TASK DIRECTIONS: Working from the data below, write out exactly the lines from its first through the line that contains "kitchen featuring open", both ends included and pictures omitted.
--------------------------------
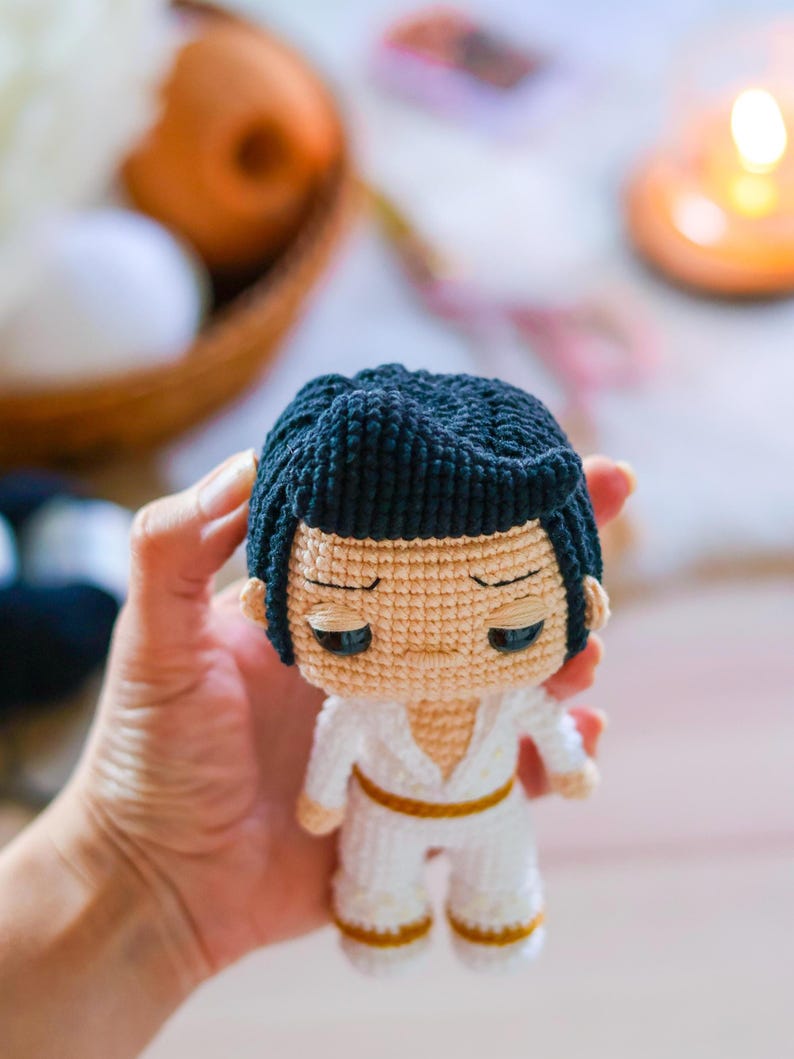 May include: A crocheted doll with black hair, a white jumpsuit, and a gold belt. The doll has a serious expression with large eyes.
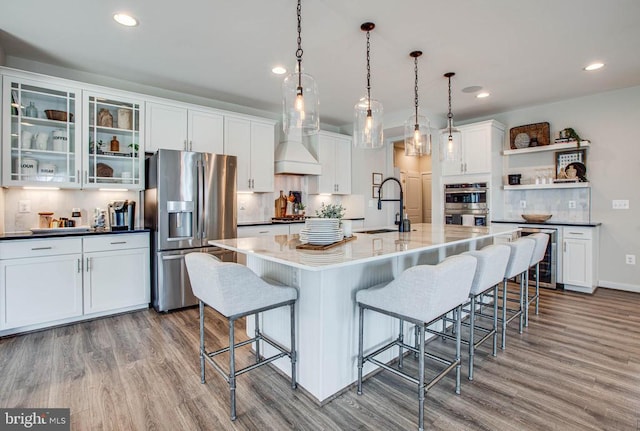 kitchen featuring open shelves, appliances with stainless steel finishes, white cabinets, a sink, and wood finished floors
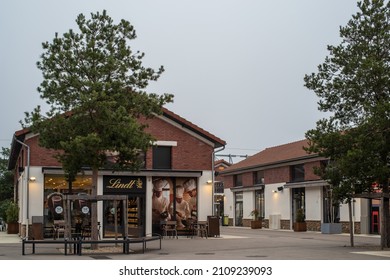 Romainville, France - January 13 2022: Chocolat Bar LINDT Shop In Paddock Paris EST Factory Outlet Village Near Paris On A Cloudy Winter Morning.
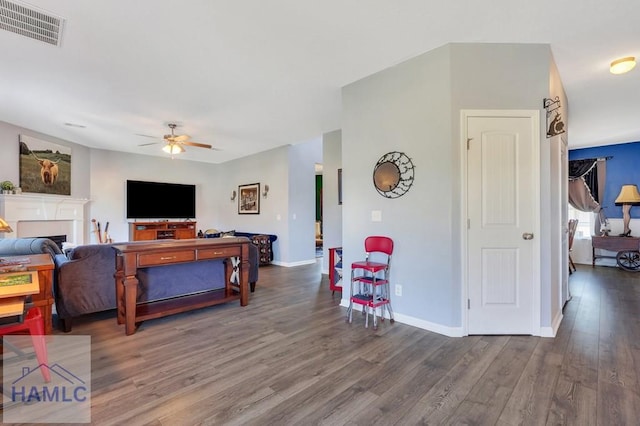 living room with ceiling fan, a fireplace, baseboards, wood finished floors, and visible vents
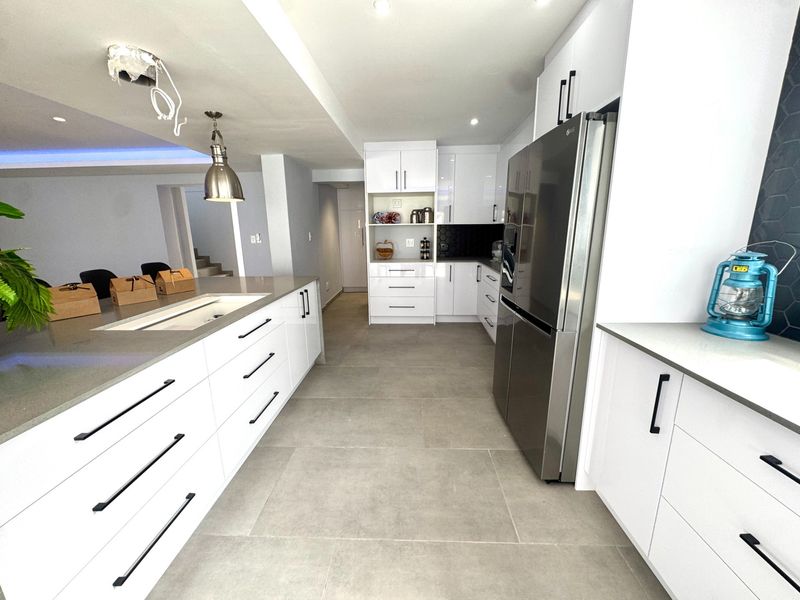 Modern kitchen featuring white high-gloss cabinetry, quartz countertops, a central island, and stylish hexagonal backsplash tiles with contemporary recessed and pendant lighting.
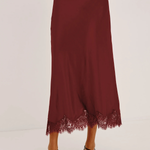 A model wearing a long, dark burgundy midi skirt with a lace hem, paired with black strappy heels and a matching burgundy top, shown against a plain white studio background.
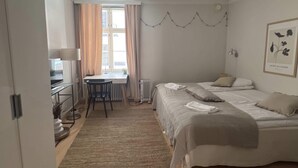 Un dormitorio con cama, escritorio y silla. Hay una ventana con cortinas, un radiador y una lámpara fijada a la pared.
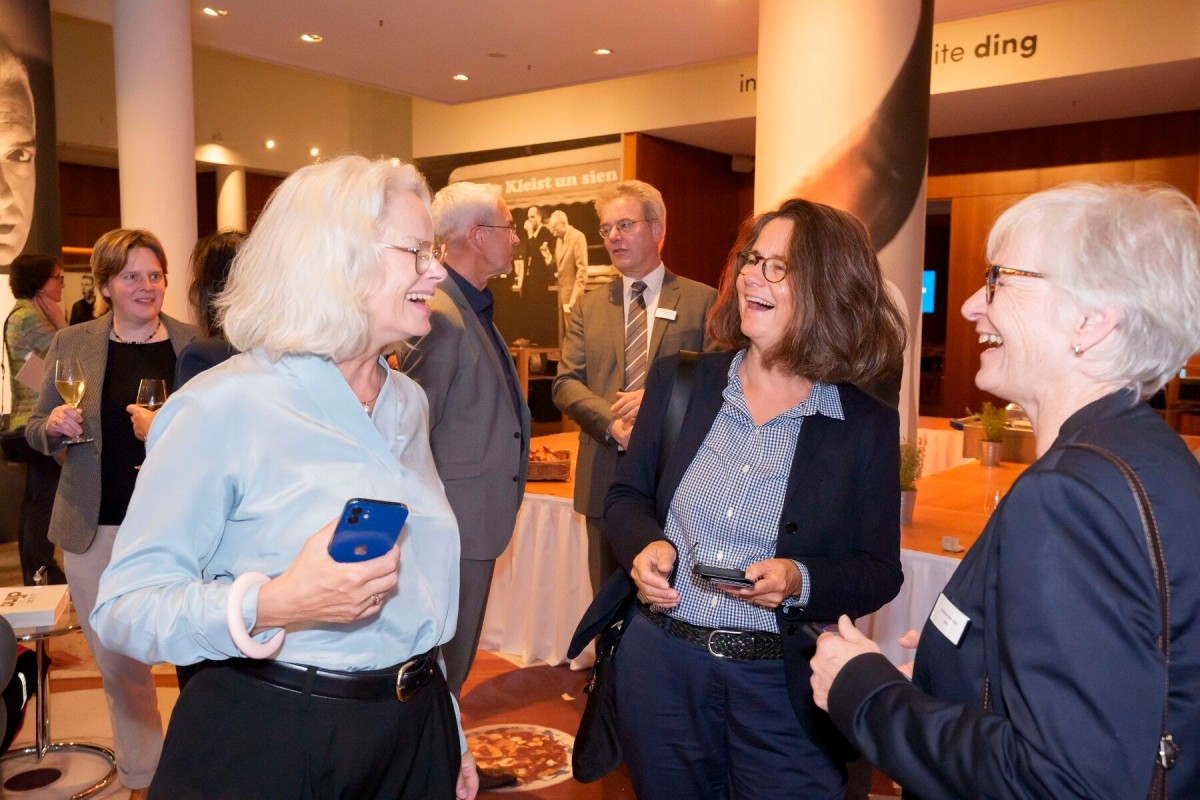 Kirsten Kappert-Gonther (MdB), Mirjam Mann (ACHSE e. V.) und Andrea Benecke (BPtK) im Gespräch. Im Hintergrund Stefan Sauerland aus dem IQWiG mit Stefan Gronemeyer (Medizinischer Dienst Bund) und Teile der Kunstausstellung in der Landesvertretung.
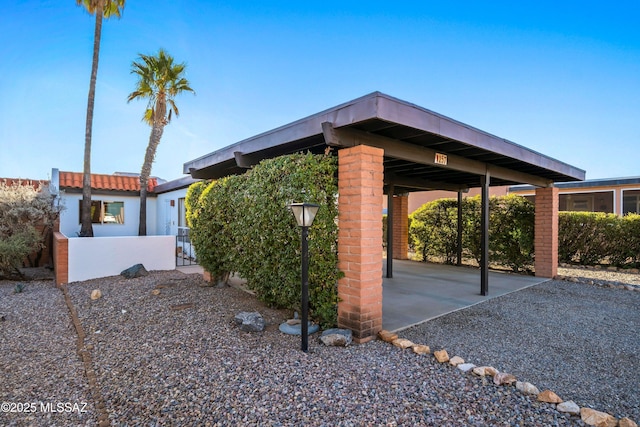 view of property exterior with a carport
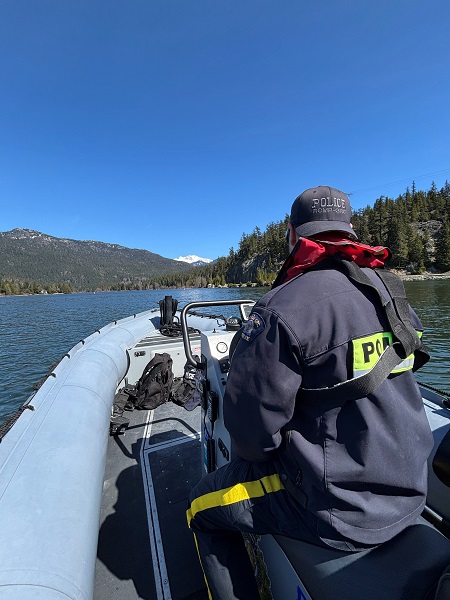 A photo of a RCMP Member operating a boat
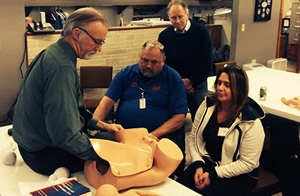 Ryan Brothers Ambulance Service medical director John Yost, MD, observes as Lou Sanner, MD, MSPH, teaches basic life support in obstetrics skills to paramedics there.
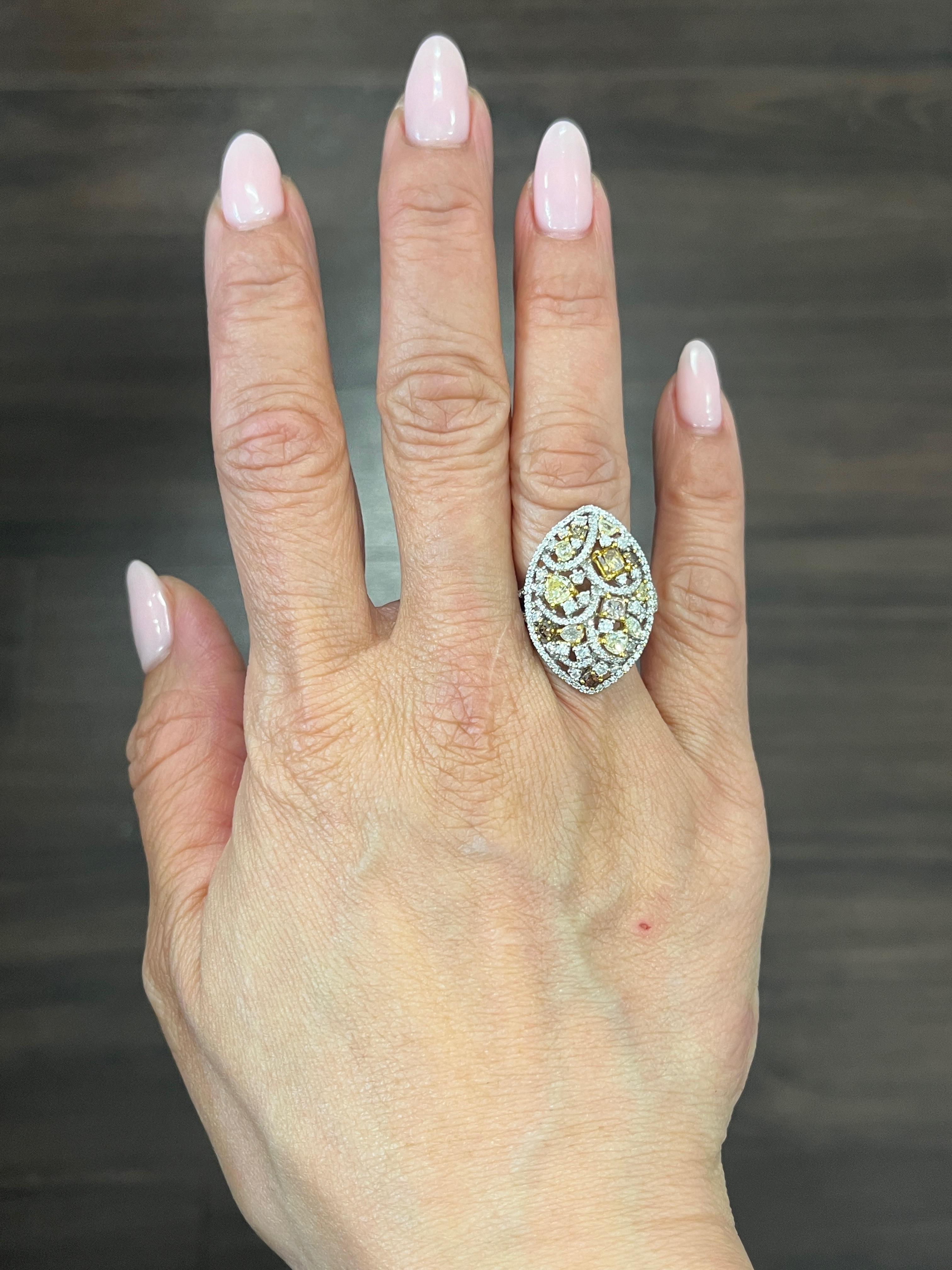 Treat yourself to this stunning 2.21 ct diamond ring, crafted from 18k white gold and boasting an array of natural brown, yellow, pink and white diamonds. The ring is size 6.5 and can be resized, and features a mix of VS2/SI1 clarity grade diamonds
--------------------------------
RESULT:
 May include: A crocheted doll with black hair, a white jumpsuit, and a gold belt. The doll has a serious expression with large eyes.
 kitchen featuring open shelves, appliances with stainless steel finishes, white cabinets, a sink, and wood finished floors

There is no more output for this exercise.